Professional wrestling disbanded stable

The Triple Threat was a professional wrestling villainous stable that existed in Extreme Championship Wrestling (ECW) from 1995 to 1998. It was Shane Douglas's answer to Ric Flair's Four Horsemen. Douglas disliked Flair since he felt that Flair had held him back during his first run in World Championship Wrestling (WCW), when Flair was one of the bookers in WCW at the time.

== History ==
=== First incarnation ===
The original Triple Threat consisted of Shane Douglas, Chris Benoit and Dean Malenko in ECW. At one point they dominated ECW, as Douglas was ECW World Heavyweight Champion, and Benoit and Malenko were ECW World Tag Team Champions. Malenko also became a two-time ECW World Television Champion. The group developed a hand signal – the three outer fingers raised with palms facing outward.
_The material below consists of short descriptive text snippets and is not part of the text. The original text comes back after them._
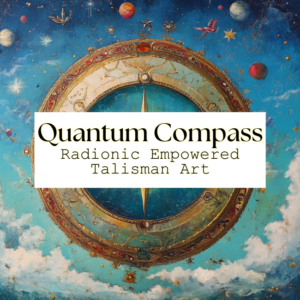 Quantum Compass - Align with what you want: Radionic Empowered Talisman Art
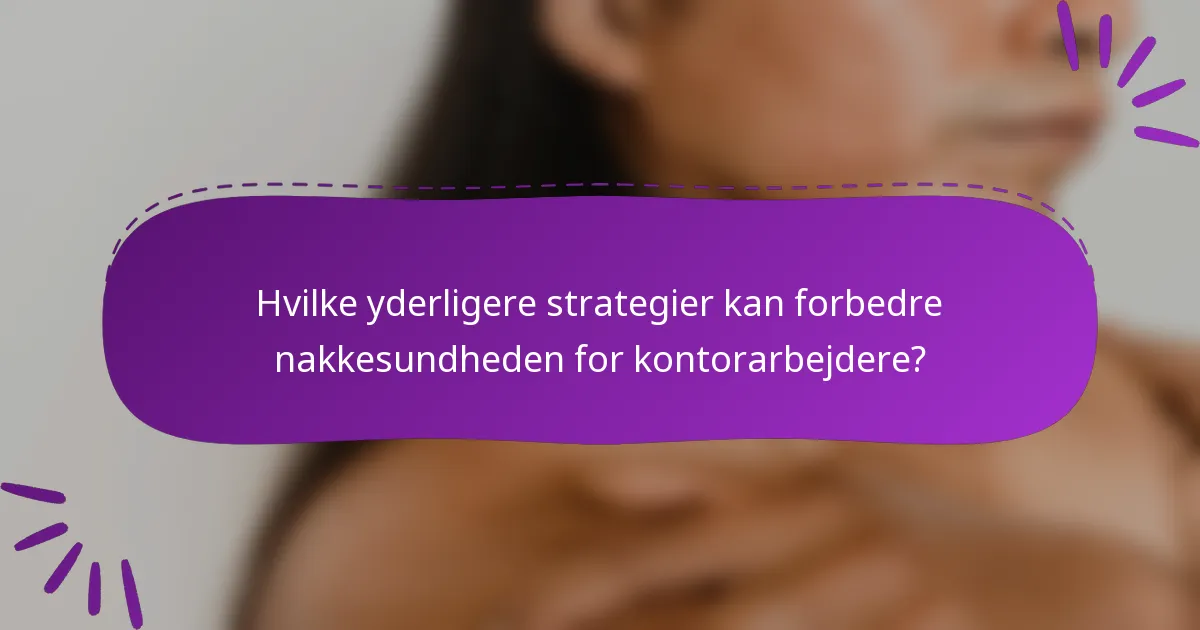 Hvilke yderligere strategier kan forbedre nakkesundheden for kontorarbejdere?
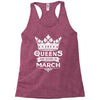 Queens Are Born In March Racerback Tank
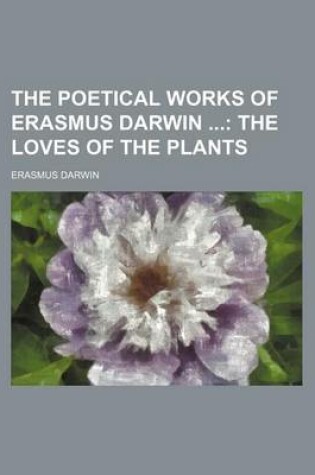 Cover of The Poetical Works of Erasmus Darwin (Volume 2); The Loves of the Plants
During the summer of 1995, Douglas left for the World Wrestling Federation (WWF), thus disbanding the Triple Threat. However, for a brief time 2 Cold Scorpio was added as a member of the Triple Threat (at least one episode of ECW Hardcore TV had Scorpio, Benoit, and Malenko cutting a promo together stating they were the Triple Threat).

Nevertheless, when Benoit and Malenko left for WCW, the Triple Threat ceased to exist until Douglas returned to ECW. During their time in WCW, Benoit and Malenko were both members of the prominent Four Horsemen stable and often teamed together.

=== Second incarnation ===
In late 1996, approximately a year after his return to ECW, Douglas and his valet Francine formed an alliance with Chris Candido and the man for hire "Bulldozer" Brian Lee. In January 1997 at House Party, they formally dubbed themselves The Triple Threat. Douglas held the ECW World Television Championship, but sought to regain the ECW World Heavyweight Championship. In early 1997, a masked man (who displayed the mannerisms of Rick Rude) began stalking Francine. At ECW's first pay-per-view event Barely Legal, the man was revealed to be Brian Lee, who was kicked out of the Triple Threat for betraying Douglas.

Bam Bam Bigelow joined the group shortly after when Douglas introduced him as his tag team partner for a match at Chapter 2 in May 1997. Douglas lost the ECW World Television Championship to Taz, but won the ECW World Heavyweight Championship at Hardcore Heaven. Rick Rude eventually was persuaded by Shane Douglas to align with the Triple Threat. Rude promoted Chris Candido in his match against Taz at Hardcore Heaven 1997. Rude then began selecting Douglas's opponent to help Douglas become the greatest world champion in ECW. However, this turned out to be a ruse when Rude selected Triple Threat member Bam Bam Bigelow as Douglas's next opponent. Bigelow then challenged Douglas for the title and won, but forfeited his membership in the group in the process. Lance Storm took his place, but his tenure in the group was short-lived. Storm and Candido would win the tag team championship in December. However, the two did not get along with each other, leading to Storm being kicked out of the team. In January 1998, Bigelow was re-admitted to the group by helping Douglas defeat Taz.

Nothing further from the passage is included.